I have a web scraper dumping data into a variant column in a Snowflake database. This is acraping page data as then creates json arrays for various tables found within the page.
Here is an example of the type of json i would find using a Soccer analogy:
{ "dom_url": "https://www.soccertables.com/european_tables", "event_id": "01b2722a-d8e6-4f67-95d0-8dd7ba088a4a", "event_utc_time": "2020-05-11 09:01:14.821", "ip_address": "125.238.134.96", "table_1": [ { "position": "1", "team_name": "Liverpool", "games_played": "29", "games_won": "26", "games_drawn": "2", "games_lost": "1", "goals_for": "75", "goals_against": "35" "points": "80" }, { "position": "2", "team_name": "Man. City", "games_played": "29", "games_won": "20", "games_drawn": "5", "games_lost": "4", "goals_for": "60", "goals_against": "45" "points": "65" }, { "position": "...", "team_name": "...", "games_played": "...", "games_won": "...", "games_drawn": "...", "games_lost": "...", "goals_for": "...", "goals_against": "..." "points": "..." } ], "table_2": [ { "position": "1", "team_name": "Bayern Munich", "games_played": "29", "games_won": "26", "games_drawn": "2", "games_lost": "1", "goals_for": "75", "goals_against": "35" "points": "80" }, { "position": "2", "team_name": "Bayer Leverkussen", "games_played": "29", "games_won": "20", "games_drawn": "5", "games_lost": "4", "goals_for": "60", "goals_against": "45" "points": "65" }, { "position": "...", "team_name": "...", "games_played": "...", "games_won": "...", "games_drawn": "...", "games_lost": "...", "goals_for": "...", "goals_against": "..." "points": "..." } ], "referrer_url": "https://www.soccertables.com", }
Ideally, i’d like the output of this to be a flat, relational table:
table_name position team_name games_played etc… table_1 1 Liverpool 29 … table_1 2 Man. City 29 … table_2 1 Bayern Munich 29 … ….

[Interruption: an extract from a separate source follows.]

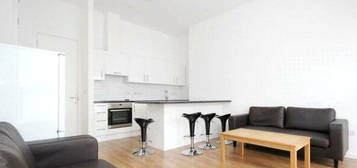 Flat to rent in 125 Fonthill Road, London N4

I know that if i were only interested in table_1 i could do this:
SELECT v.value:position::NUMBER POSITION , v.value:team_name::STRING TEAM_NAME , v.value:games_played::NUMBER GAMES_PLAYED , ... FROM JSON_TABLE a1, LATERAL FLATTEN(JSON_DATA:table_1) v
and that i could do the same for table_2 and union them, but there can be N possibilities with regards to the table_N placeholder.
I’ve looked at doing LATERAL FLATTEN multiple times:
SELECT v.value:position::NUMBER POSITION , v.value:team_name::STRING TEAM_NAME , v.value:games_played::NUMBER GAMES_PLAYED , ... FROM JSON_TABLE a1, LATERAL FLATTEN(JSON_DATA:table_1) v, LATERAL FLATTEN(JSON_DATA:table_2) v2
But this results in duplication of data, and does not allow me to put each tables columns all in a single relational structure.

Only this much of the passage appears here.